The “aid industry” provides employment for many thousands of people. Consequently, a large percentage of the money spent on foreign aid goes to cover overhead costs, including administration, travel and accommodation. Michael Maren, a former aid worker, writes that the money spent on aid bureaucracies creates perverse incentives. “We have to take advantage of this famine to expand our regular program,” argued one aid official that Maren encountered in Africa. She saw hunger and poverty as “a growth opportunity”. “Whatever the original intentions,” Maren notes, “aid programs had become an end in themselves.” 

Dealing with swarms of donors and aid agencies, all of whom require some degree of attention, puts an enormous strain on African bureaucracies. The time and effort spent on dealing with the needs of foreign donors rather than concentrating on the population has further distanced African governments from their electorates. Working with aid organizations operating in Kenya, for example, became such a problem that the “government and donors… agreed on some principles of partnership that included a ‘quiet time’ between May 1 and June 30 each year.” 

Moreover, effective and efficient delivery of aid by a multitude of actors has proved to be an insurmountable challenge. Often, it has resulted in “duplication” of their efforts. Thus, “monitoring surveys indicate that limited progress has been made toward coordination goals by the United States or donors in general.” In Ethiopia, for instance, government officials spend “half to one-third of their time” participating in “coordination meetings” with a multitude of NGOs, international aid agencies and bilateral donors. 

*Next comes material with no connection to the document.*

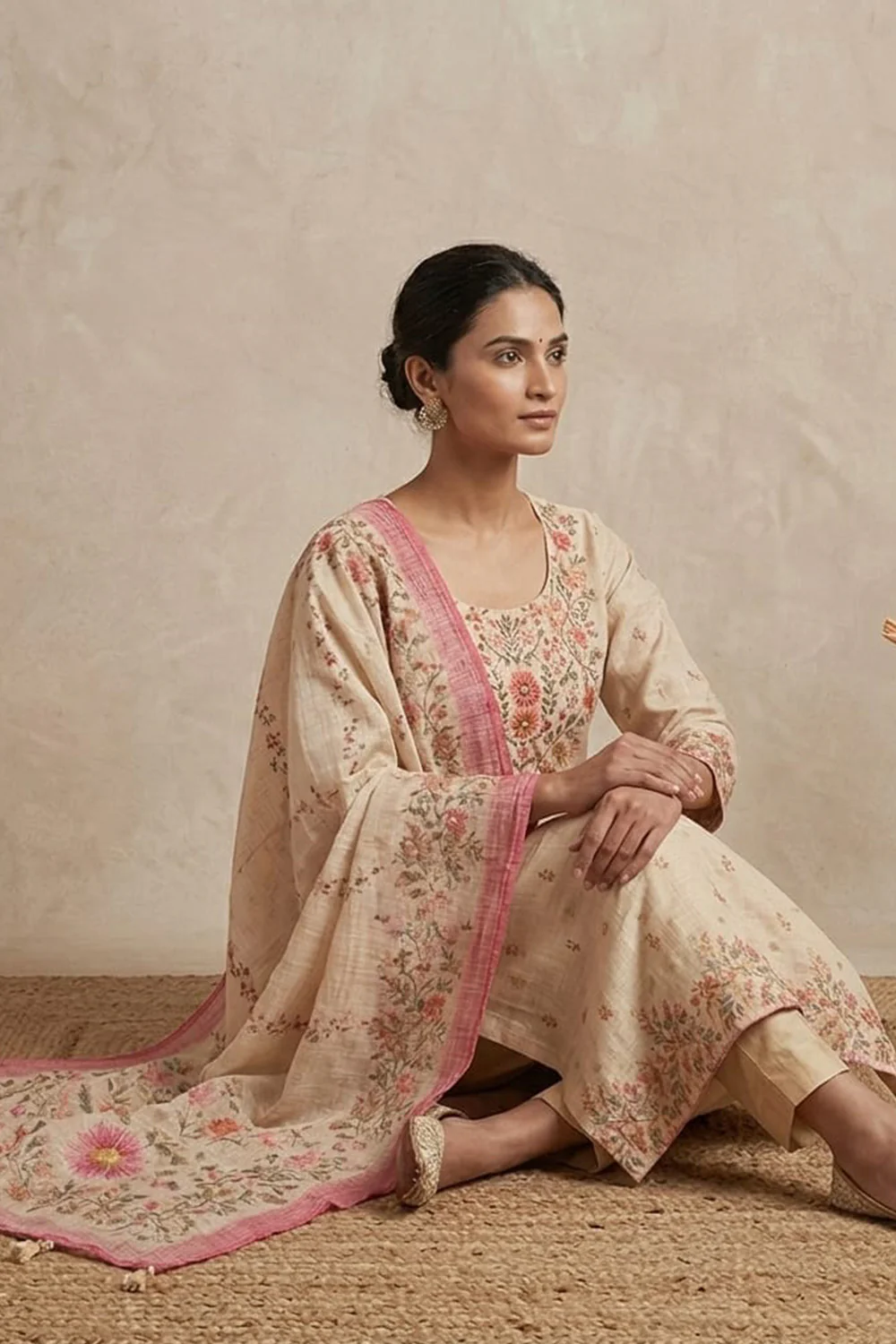 Cream Floral Printed Kota Cotton Suit - Image 4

Also, many foreign donors have their own agendas that may be detrimental to the welfare of the very people they are supposed to be there to help. Like the 19th-century European missionaries who went to Africa to spread their idea of a “good life”, modern day aid missionaries have found in Africa a fertile ground for social experiments that would never be accepted in their home countries. Tanzania, for example, is still recovering from an attempt to centrally plan the economy, the so-called “Ujaama” policy of collectivization that was bankrolled to the tune of $10 billion by socialist governments in Scandinavian countries in the 1970s and 1980s. Similarly, some Western NGOs, like Oxfam, have urged African countries not to liberalise their trade regimes even though there is a general consensus among academics that free trade is an important source of economic growth and prosperity. 

Research also suggests that some aid ends up in the pockets of government bureaucrats instead of reaching the intended beneficiaries. During a 2012 panel on economic and social policy, then World Bank President Ban Ki-moon claimed that 30 per cent of development aid “failed to reach its final destination”. A leaked 2009 cable from the U.S. embassy in Nairobi revealed that $1.3 million in aid for schools was “misappropriated” and another $17.3 million worth of textbooks purchased with aid dollars was “lost” by government officials.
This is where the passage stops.